Maude Barlow has worked tirelessly for water issues across the globe. She has just released a new book this month, Blue Future, which outlines how we can protect water as a human right for everyone, end the conflicts we currently face regarding water, and treat water and our ecosystems with more dignity so that we can continue to share this precious resource with coming generations. Barlow spearheaded the movement to declare water and sanitation a basic human right, which was recognized by the UN in July 2010 - however access to this right continues to elude hundreds of millions of people around the world, and implementation of water protection in many parts of the world is lacking. Join us as we talk to Barlow about her ideas, and the future of our relationship to water.

Blue Future book imageBJC: Blue Future completes the Blue Trilogy, following Blue Covenant in 2007 and Blue Gold in 2002. How does Blue Future fit in and add to the discussion?
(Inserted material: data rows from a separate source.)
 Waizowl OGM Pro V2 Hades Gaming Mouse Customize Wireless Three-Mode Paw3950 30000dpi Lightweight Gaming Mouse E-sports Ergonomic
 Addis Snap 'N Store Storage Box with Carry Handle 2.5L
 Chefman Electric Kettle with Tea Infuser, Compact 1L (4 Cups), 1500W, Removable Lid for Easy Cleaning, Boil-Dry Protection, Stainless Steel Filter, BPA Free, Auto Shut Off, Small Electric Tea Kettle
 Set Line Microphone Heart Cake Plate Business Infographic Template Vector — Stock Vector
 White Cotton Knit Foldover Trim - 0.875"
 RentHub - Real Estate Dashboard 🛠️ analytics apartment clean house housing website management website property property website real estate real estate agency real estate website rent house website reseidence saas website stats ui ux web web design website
MB: Blue Future is written post the UN recognition of the human right to water and sanitation and so has a very specific and important story to tell about how we got these rights recognised and what they mean. It is also more solution based than either of my other books and calls for a new water ethic based on very clear principles. It is also an update on the ecological and human crises the world is facing in terms of water and arms the public, policy makers and students with the information they need to work on the issue

BJC: With austerity policies taking hold in many countries in the EU, especially in southern Europe, there's increasing privatisation pressure driving marketing water as a for-profit commodity, rather than seeing it as a human right. What do we need to be on the watch for, in order to protect the principle of water as a human right in the EU?

MB: The austerity agenda in Europe is being used by those with an ideological agenda to privatise vital public services such as water and wastewater. If water privatisation is allowed to proceed, the price of water will skyrocket and water cut offs will escalate. (Cut-offs are already happening in Greece, Portugal, Italy and Spain but the numbers will increase dramatically if private companies are allowed to run water services on a for-profit basis.) Denial of basic water services is a direct violation of the human right to water and sanitation, so fighting water privatisation is essential if the human right to water is to be real.
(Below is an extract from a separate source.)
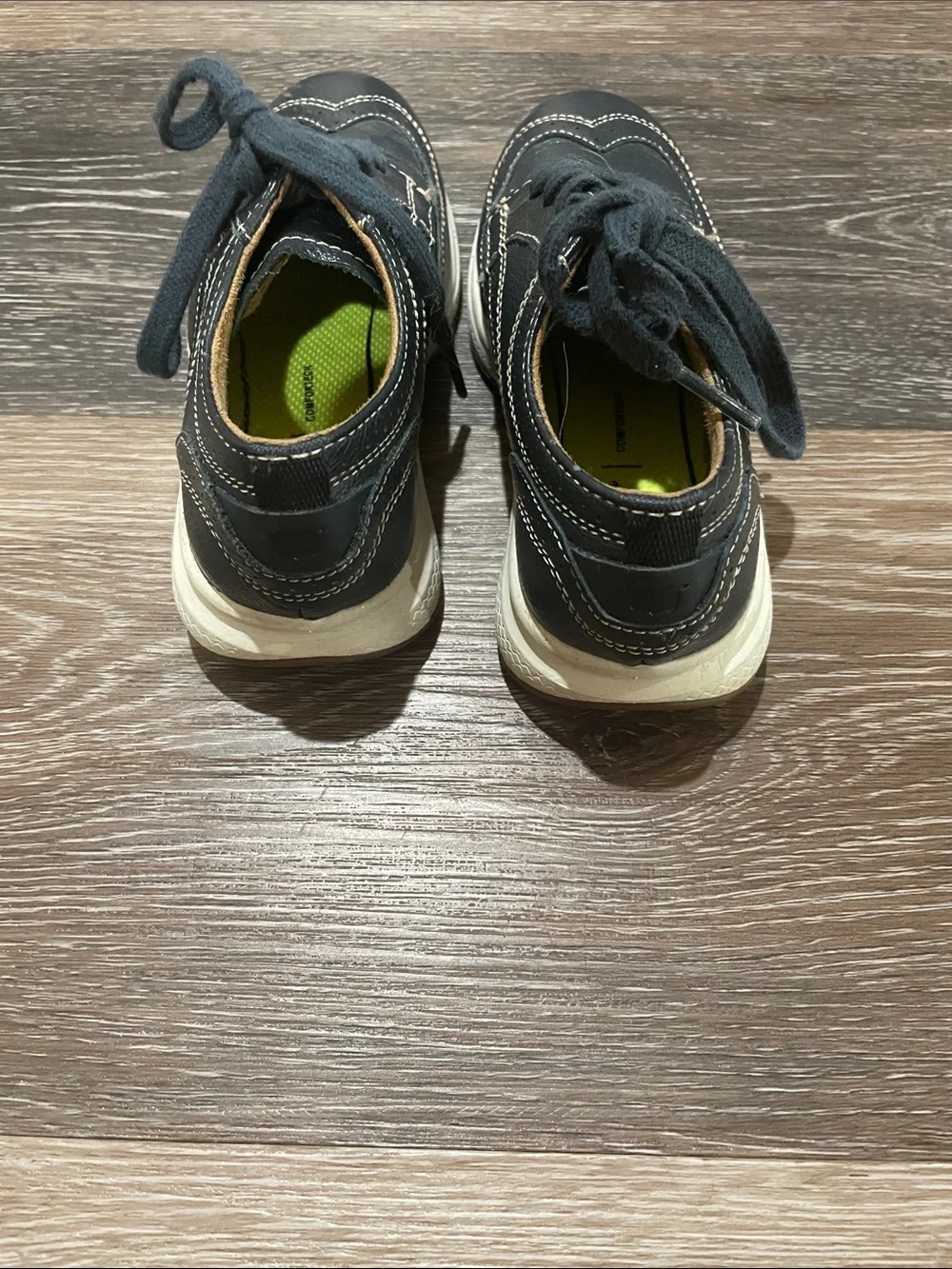 Florsheim Black Leather Kids Lace-Up Dress Sneakers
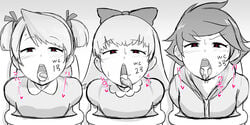 3girls after_oral ana_(mother) cum cum_in_mouth cum_on_tongue earthbound heart-shaped_pupils kumatora mob_face mother mother_(series) mother_3 multiple_girls open_mouth oriba paula_jones paula_polestar tongue_out urinals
BJC: Many of the arguments you pose have to do with putting the provisioning and control of water as a resource (back) into public hands. The EU's Water Framework Directive already has ambitious goals for water use and conservation, yet freshwater environments continue to be egregiously compromised. What needs to happen for the objectives of water conservation and protection to be met?

MB: My vision is to make government authorities and agencies responsible for carrying out conservation and watershed protection measures to work with communities who are the stewards of the water. We must set up a system of water use whereby those wanting access to public water must convince the "owners" of this public trust (the people) that they will use it wisely and without destroying it. In my opinion, the EU's Water Framework has some wonderful qualities and visions but needs the direct involvement of the public to be more effective.
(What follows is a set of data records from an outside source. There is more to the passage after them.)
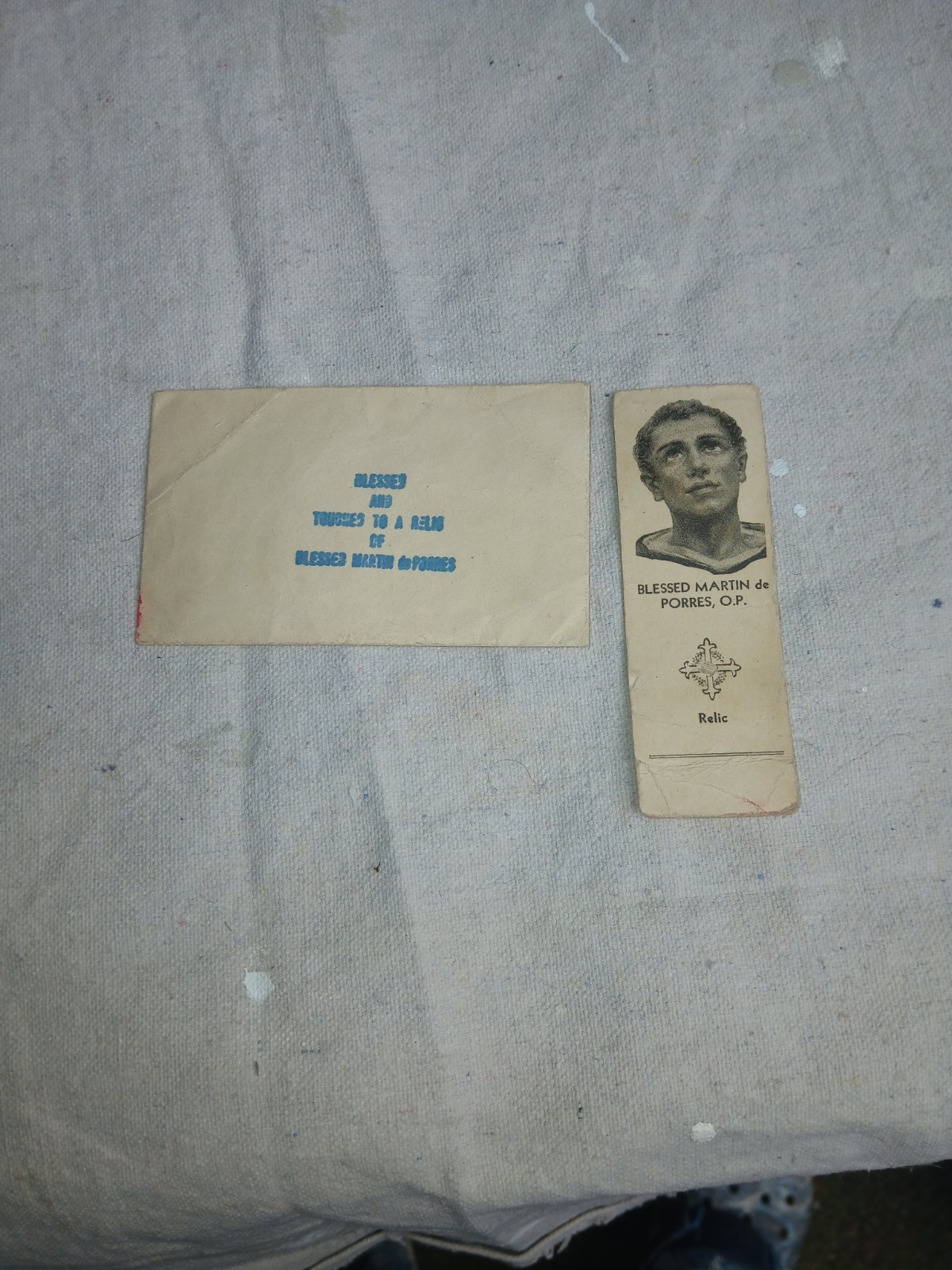 ST. MARTIN DE PORRES Relic Card Authentic Linen Swatch With Original Envelope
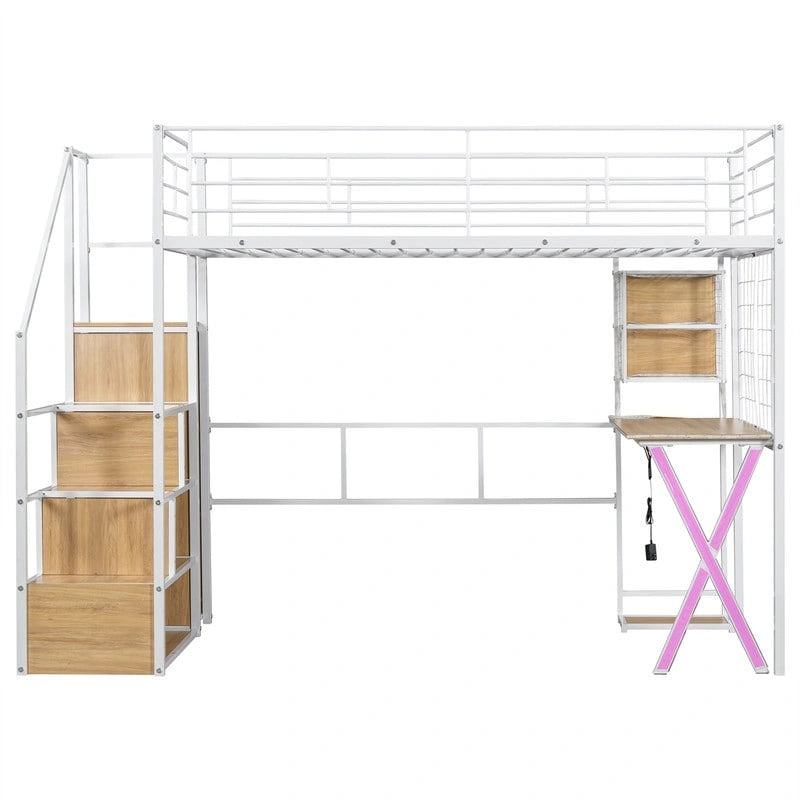 Letto a soppalco Twin/Full Size con scrivania integrata, armadio e scala contenitore, struttura in metallo con luce LED e rete metallica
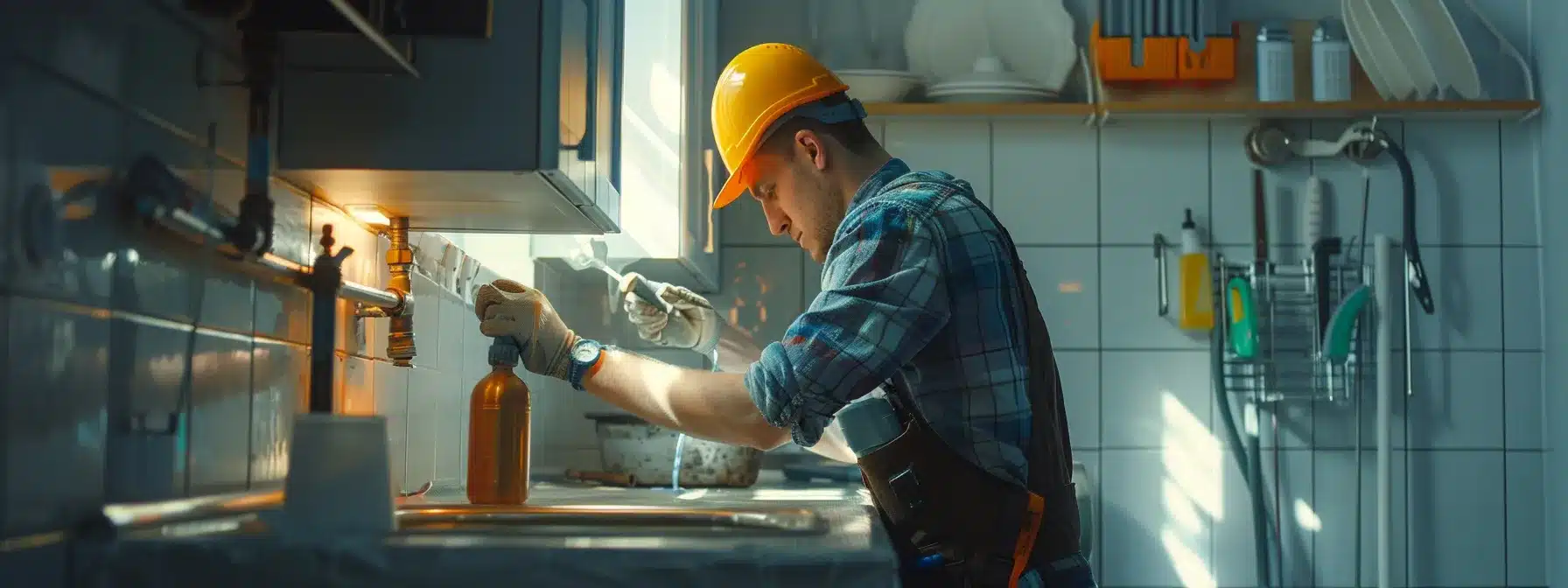 a skilled plumber expertly installing pipes in a modern kitchen.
BJC: Why do we need healthy rivers and lakes for the human right to water?

MB: For far too long, those concerned with water fell into two distinct groups: those concerned with the science and environmental aspects of water health; and those concerned with development and the human right to water. If we don't put these movements together in both analysis and action, we will have neither just access to water or enough clean water for all. We can have all the justice in the world but if we have polluted or displaced available water sources, we will never be able to make it real. Half the rivers in China have disappeared since 1990! How can we ensure water justice for the Chinese people when their water supplies are disappearing?

BJC: How do you feel Principle 3 in your book (water has rights too) is embodied today - what are some good modern examples in Europe or examples from the past?

MB: In many parts of the world, we are looking to ancient ways of water harvesting, water retention and natural water purification to protect and restore watersheds. One example I love is the work of Michal Kravcik of Slovakia, who led a project of national waterbed restoration in his country that involved 190 municipalities and 8,000 workers with fabulous results. This "Blue alternative" project has helped recover vast tracts of degraded land and water.

BJC: Have you ever participated in a Big Jump event, or would you?

MB: I have not participated in a Big Jump event as the project has not taken off in Canada in a big way (shame on us - cold is no excuse!) Yes I would happily take part and will look for allies here in my country to create interest!

BJC: What's the most creative freshwater awareness-raising project you've been involved with?

MB: I think the most exciting project was stopping a major dump site on an aquifer - the Aliston Aquifer on Georgian Bay in Ontario - five years ago. Thousands of people came together to fight for this groundwater source so close to the Great Lakes that had actually been tested in a German lab as having the purest water anywhere! First Nations, farmers, students, environmentalists, the whole community came together to save this aquifer and we were successful. The land has since been designated as Grade-A prime farm land, and has been returned to production. The community went on to implement a zero waste plan realising that it is not enough to oppose landfills; we must also make them as obsolete as possible.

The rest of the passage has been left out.